**What the task requires**
Every record below, from the first line to the last, is to be set down again exactly.

**Given data**
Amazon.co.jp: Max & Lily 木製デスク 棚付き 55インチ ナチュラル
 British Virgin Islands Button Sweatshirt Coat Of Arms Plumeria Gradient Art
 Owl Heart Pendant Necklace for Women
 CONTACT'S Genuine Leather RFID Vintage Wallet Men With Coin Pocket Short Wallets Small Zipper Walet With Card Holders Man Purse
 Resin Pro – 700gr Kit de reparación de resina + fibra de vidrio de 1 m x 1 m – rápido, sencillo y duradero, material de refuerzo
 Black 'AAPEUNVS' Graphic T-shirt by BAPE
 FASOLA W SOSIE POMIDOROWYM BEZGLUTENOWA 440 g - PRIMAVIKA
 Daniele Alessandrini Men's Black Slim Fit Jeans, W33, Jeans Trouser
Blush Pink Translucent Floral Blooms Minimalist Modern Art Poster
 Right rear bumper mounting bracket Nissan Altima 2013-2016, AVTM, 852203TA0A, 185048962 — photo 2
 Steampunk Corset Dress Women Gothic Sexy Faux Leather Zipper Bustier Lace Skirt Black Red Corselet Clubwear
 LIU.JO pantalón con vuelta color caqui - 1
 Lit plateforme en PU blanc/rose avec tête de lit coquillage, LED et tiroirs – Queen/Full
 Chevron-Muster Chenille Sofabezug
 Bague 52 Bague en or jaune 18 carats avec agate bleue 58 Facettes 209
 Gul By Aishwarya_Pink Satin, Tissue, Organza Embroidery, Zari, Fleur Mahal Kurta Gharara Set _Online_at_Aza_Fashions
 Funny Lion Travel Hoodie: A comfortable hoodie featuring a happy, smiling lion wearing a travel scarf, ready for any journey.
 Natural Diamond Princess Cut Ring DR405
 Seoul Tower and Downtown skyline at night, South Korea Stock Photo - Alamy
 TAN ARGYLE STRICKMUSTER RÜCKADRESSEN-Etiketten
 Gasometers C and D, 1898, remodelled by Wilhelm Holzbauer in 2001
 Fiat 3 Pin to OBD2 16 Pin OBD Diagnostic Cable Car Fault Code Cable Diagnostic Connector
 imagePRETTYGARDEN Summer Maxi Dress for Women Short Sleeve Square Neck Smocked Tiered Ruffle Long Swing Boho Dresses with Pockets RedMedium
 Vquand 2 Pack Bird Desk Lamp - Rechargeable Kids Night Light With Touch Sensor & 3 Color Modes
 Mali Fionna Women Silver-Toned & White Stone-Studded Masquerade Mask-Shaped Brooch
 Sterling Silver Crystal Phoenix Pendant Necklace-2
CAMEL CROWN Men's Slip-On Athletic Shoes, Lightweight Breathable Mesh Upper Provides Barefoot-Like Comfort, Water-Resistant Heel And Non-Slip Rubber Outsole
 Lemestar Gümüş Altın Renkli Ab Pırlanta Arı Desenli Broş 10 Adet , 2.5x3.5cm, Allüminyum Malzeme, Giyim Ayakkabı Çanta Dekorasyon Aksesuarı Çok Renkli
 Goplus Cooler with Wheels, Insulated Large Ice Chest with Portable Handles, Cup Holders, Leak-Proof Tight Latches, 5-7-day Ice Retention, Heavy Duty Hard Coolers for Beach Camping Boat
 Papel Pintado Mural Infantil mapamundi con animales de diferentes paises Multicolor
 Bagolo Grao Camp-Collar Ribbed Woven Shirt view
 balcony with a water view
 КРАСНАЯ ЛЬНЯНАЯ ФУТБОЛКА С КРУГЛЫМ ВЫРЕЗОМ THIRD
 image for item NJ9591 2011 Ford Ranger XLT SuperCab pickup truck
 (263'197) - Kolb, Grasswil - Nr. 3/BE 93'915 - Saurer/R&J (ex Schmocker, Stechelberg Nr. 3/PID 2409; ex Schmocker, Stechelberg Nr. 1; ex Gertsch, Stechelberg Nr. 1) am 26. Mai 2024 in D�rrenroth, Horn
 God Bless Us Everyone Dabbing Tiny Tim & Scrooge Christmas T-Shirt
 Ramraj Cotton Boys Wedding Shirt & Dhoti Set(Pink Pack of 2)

**Exercise result**
Amazon.co.jp: Max & Lily 木製デスク 棚付き 55インチ ナチュラル
 British Virgin Islands Button Sweatshirt Coat Of Arms Plumeria Gradient Art
 Owl Heart Pendant Necklace for Women
 CONTACT'S Genuine Leather RFID Vintage Wallet Men With Coin Pocket Short Wallets Small Zipper Walet With Card Holders Man Purse
 Resin Pro – 700gr Kit de reparación de resina + fibra de vidrio de 1 m x 1 m – rápido, sencillo y duradero, material de refuerzo
 Black 'AAPEUNVS' Graphic T-shirt by BAPE
 FASOLA W SOSIE POMIDOROWYM BEZGLUTENOWA 440 g - PRIMAVIKA
 Daniele Alessandrini Men's Black Slim Fit Jeans, W33, Jeans Trouser
Blush Pink Translucent Floral Blooms Minimalist Modern Art Poster
 Right rear bumper mounting bracket Nissan Altima 2013-2016, AVTM, 852203TA0A, 185048962 — photo 2
 Steampunk Corset Dress Women Gothic Sexy Faux Leather Zipper Bustier Lace Skirt Black Red Corselet Clubwear
 LIU.JO pantalón con vuelta color caqui - 1
 Lit plateforme en PU blanc/rose avec tête de lit coquillage, LED et tiroirs – Queen/Full
 Chevron-Muster Chenille Sofabezug
 Bague 52 Bague en or jaune 18 carats avec agate bleue 58 Facettes 209
 Gul By Aishwarya_Pink Satin, Tissue, Organza Embroidery, Zari, Fleur Mahal Kurta Gharara Set _Online_at_Aza_Fashions
 Funny Lion Travel Hoodie: A comfortable hoodie featuring a happy, smiling lion wearing a travel scarf, ready for any journey.
 Natural Diamond Princess Cut Ring DR405
 Seoul Tower and Downtown skyline at night, South Korea Stock Photo - Alamy
 TAN ARGYLE STRICKMUSTER RÜCKADRESSEN-Etiketten
 Gasometers C and D, 1898, remodelled by Wilhelm Holzbauer in 2001
 Fiat 3 Pin to OBD2 16 Pin OBD Diagnostic Cable Car Fault Code Cable Diagnostic Connector
 imagePRETTYGARDEN Summer Maxi Dress for Women Short Sleeve Square Neck Smocked Tiered Ruffle Long Swing Boho Dresses with Pockets RedMedium
 Vquand 2 Pack Bird Desk Lamp - Rechargeable Kids Night Light With Touch Sensor & 3 Color Modes
 Mali Fionna Women Silver-Toned & White Stone-Studded Masquerade Mask-Shaped Brooch
 Sterling Silver Crystal Phoenix Pendant Necklace-2
CAMEL CROWN Men's Slip-On Athletic Shoes, Lightweight Breathable Mesh Upper Provides Barefoot-Like Comfort, Water-Resistant Heel And Non-Slip Rubber Outsole
 Lemestar Gümüş Altın Renkli Ab Pırlanta Arı Desenli Broş 10 Adet , 2.5x3.5cm, Allüminyum Malzeme, Giyim Ayakkabı Çanta Dekorasyon Aksesuarı Çok Renkli
 Goplus Cooler with Wheels, Insulated Large Ice Chest with Portable Handles, Cup Holders, Leak-Proof Tight Latches, 5-7-day Ice Retention, Heavy Duty Hard Coolers for Beach Camping Boat
 Papel Pintado Mural Infantil mapamundi con animales de diferentes paises Multicolor
 Bagolo Grao Camp-Collar Ribbed Woven Shirt view
 balcony with a water view
 КРАСНАЯ ЛЬНЯНАЯ ФУТБОЛКА С КРУГЛЫМ ВЫРЕЗОМ THIRD
 image for item NJ9591 2011 Ford Ranger XLT SuperCab pickup truck
 (263'197) - Kolb, Grasswil - Nr. 3/BE 93'915 - Saurer/R&J (ex Schmocker, Stechelberg Nr. 3/PID 2409; ex Schmocker, Stechelberg Nr. 1; ex Gertsch, Stechelberg Nr. 1) am 26. Mai 2024 in D�rrenroth, Horn
 God Bless Us Everyone Dabbing Tiny Tim & Scrooge Christmas T-Shirt
 Ramraj Cotton Boys Wedding Shirt & Dhoti Set(Pink Pack of 2)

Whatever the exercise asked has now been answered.